Please Note: This Article is 6 years old. This increases the likelihood that some or all of it's content is now outdated.

Of the nine regions in England, London region, the capital city, is dominant; next is South East that covers a much larger area but whose population exceeds London by only about 500,000; the other seven are what those in London and the South-East would regard, sometimes in derisory tone, as the provinces.

The North-West, East of England, West Midlands, South West, Yorkshire and the Humber, East Midlands, North East, each region has its own character and drivers of economic growth. As a means to attract non-savvy investment, the seven regions have something in common: vested interests talking up the potential in the hope of persuading and alleviating doubt.

As public sector guardians of community and employment opportunity, local authorities promote the economic advantages of their counties, but local property investors can have a different agenda. Rather than be content with their lot and plodding on, instead they envy the gains that come from investing in London and the South-East and they too want a share of the action.

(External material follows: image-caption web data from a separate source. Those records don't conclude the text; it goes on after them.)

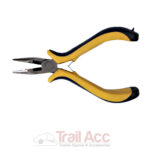 Pliers Mini Long Nose
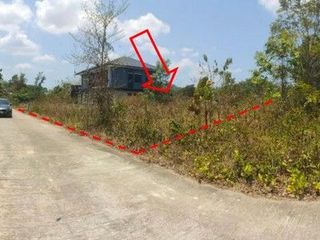 ขาย ที่ดิน ใน ควนกาหลง, สตูล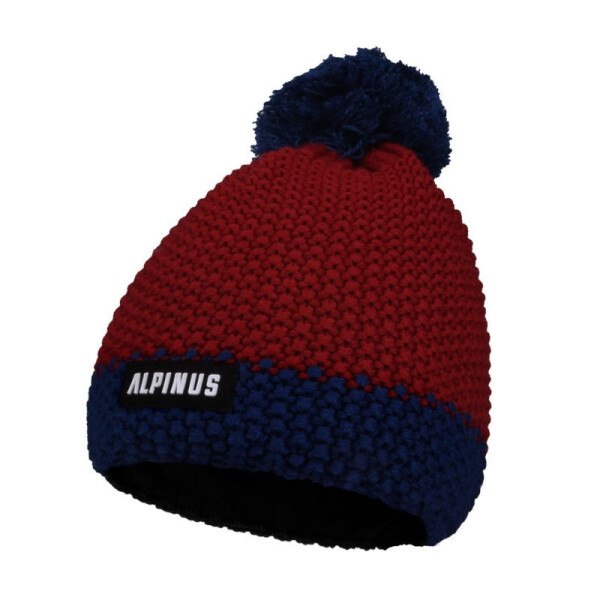 Alpinus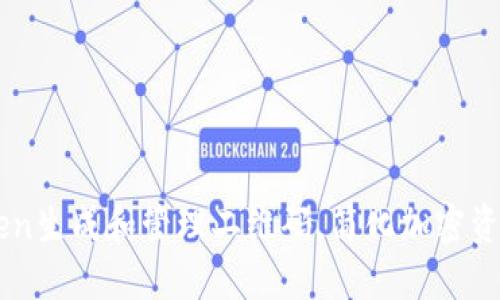 如何使用ImToken生成和管理二维码，简化加密资产的转账与接收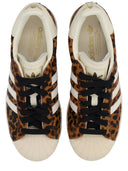 Adidas Originals "Superstar Ii" Sneaker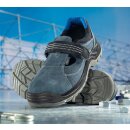 Ardon Schuhe FIRSAN TREK S1P verschiedene Größen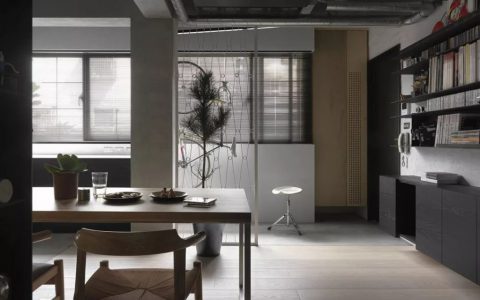 Five major home decoration regrets summarized by experienced people!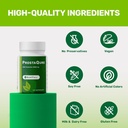 prostaqure-saw-palmetto-1000-mg---prosta-4.jpg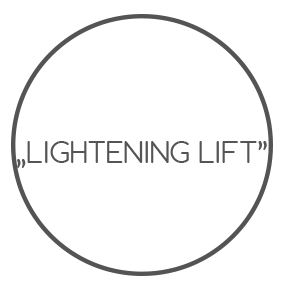 lightening-lift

The commercial property market, with its sectors and segments, is not one big market where anything happening affects the market as a whole. The market comprises individual properties in their own particular locations. Investment yield reflects rental prospects for each particular proposition. Rent is a product of supply and demand. Generally, greater demand is in the most populous built-up areas. Based on the 2011 census, Greater London has a population density 5,630 people per square kilometre. The next highest are West Midlands at 4076 and Greater Manchester at 4051. Thereafter, it is downhill all the way.

- Advertisement -

As a percentage of total population, the largest minority comprises London and South-East. The other regions constitute the majority but, because the built-up area density in the other regions is much lower, it is possible for business tenants to succeed with less competition. The more ‘out in the country’ the city/town, the lower the density – and in some places the higher the quality of life. Long gone is the time that people lived and worked in the same town and spending power was contained. Local resident and catchment population life-style is not a reliable indicator of the potential for commercial property rents, except for the housing market: even then the supply of building land and new housing development can put a ceiling on prices.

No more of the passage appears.